The convolution neural network makes deeper and wider for better accuracy, but requires more computations. When the neural network goes deeper, some information will be lost. To improve this drawback, the residual structure was developed to connect the information of the previous layers. This is a good solution to prevent the loss of information, but it requires a huge amount of parameters for deeper layer operations. In the contribution by Hsia et al. “Convolution neural network with low operation FLOPS and high accuracy for image recognition,” a fast computational algorithm is proposed to reduce the parameters and to save the operations with the modification of DenseNet deep layer block [12]. With channel merging procedures, this solution can reduce the dilemma of multiple growth of the parameter quantity for deeper layer. This approach is not only to reduce the number of parameters and FLOPs, but also to keep high accuracy. Comparisons with the original DenseNet and RetNet-110, the parameters can be efficiently reduced about 30–70%, while the accuracy degrades lightly. The lightweight network can be implemented on a low-cost embedded system for real-time application.

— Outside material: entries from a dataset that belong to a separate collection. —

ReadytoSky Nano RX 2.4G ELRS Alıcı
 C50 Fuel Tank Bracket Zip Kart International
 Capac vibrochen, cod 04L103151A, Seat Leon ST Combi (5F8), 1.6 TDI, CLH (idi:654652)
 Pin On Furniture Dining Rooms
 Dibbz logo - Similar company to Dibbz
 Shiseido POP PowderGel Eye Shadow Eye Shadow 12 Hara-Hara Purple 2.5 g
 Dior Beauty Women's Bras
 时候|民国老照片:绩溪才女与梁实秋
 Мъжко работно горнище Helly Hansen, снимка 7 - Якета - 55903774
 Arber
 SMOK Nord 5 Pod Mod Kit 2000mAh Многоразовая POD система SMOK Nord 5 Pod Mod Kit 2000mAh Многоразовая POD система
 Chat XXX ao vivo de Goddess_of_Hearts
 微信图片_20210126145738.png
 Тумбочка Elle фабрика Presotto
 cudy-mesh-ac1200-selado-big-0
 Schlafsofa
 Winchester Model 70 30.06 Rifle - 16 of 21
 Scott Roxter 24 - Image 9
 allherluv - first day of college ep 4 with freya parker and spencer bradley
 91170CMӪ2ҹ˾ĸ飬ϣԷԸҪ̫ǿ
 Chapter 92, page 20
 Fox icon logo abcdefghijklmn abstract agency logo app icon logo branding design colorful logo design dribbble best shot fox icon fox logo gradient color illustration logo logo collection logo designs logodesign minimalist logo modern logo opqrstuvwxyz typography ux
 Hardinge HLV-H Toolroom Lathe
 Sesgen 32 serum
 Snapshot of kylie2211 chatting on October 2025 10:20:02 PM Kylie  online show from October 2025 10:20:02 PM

In the contribution by Lee et al. “A real-time high-speed autonomous driving based on a low-cost RTK-GPS,” the feasibility of a low-cost real-time kinematic GPS (RTK-GPS) sensor for localization of an autonomous vehicle to achieve a high-speed driving is studied [13]. For achieving high-speed autonomous driving, although the image-based method combined with a GPS can be a good approach for localization, the RTK-GPS position can be utilized on low-cost. On high-speed driving, it is important to acquire an accurate localization because a less accurate position may degrade the performance to follow the waypoints on a target path with proper driving stability. Thus, in this study, the RTK-GPS position was applied to reduce position errors in a test vehicle with a low-cost GPS and the RTKLIB. A modified adaptive look-ahead distance pure pursuit algorithm was implemented to control the test vehicle. An autonomous driving experiment using the RTK-GPS position was carried out to verify the performance of the vehicle at a high-speed of 130 kph on a track being 2477 m long with various corners and inclinations in a racing circuit. The test vehicle with the proposed real-time autonomous driving system using the RTK-GPS position achieved 111 s to complete a full lap on the racing track without departures from the track and noticeable lateral errors. This result was 32 s slower than the record accomplished by a professional human driver's 79 s.

Intelligent search techniques and an intelligent agent for smart search are useful in many application domains. In the contribution by Seo et al. “Realtime fire detection using CNN and search space navigation,” the authors develop a state space navigational model for intelligent agents aimed at industrial surveillance from fire hazards [14]. They focus is on fire detection using the convolution neural network then proactively search the area which are more likely to have routes toward the target. This problem can be simulated into an optimization problem over a state space, which can be figure out effectively through a greedy algorithm. The authors also compare this approach with both uninformed and informed search algorithms. They evaluate this proposed system using various search algorithms for search and rescue agent. The analysis of the results obtained demonstrate the efficiency of the system.

3 Conclusion

The articles presented in this special issue provides insights in fields related to Deep Learning for Emerging Embedded Real-Time Image and Video Processing Systems, including models, performance evaluation and improvements, and application developments. The guest editors wish that the readers can benefit from insights of these papers, and contribute to these rapidly growing areas. We also hope that this special issue would shed light on major developments in the area of Real-Time Image Processing and attract attention by the scientific community to pursue further investigations leading to the rapid implementation of these technologies.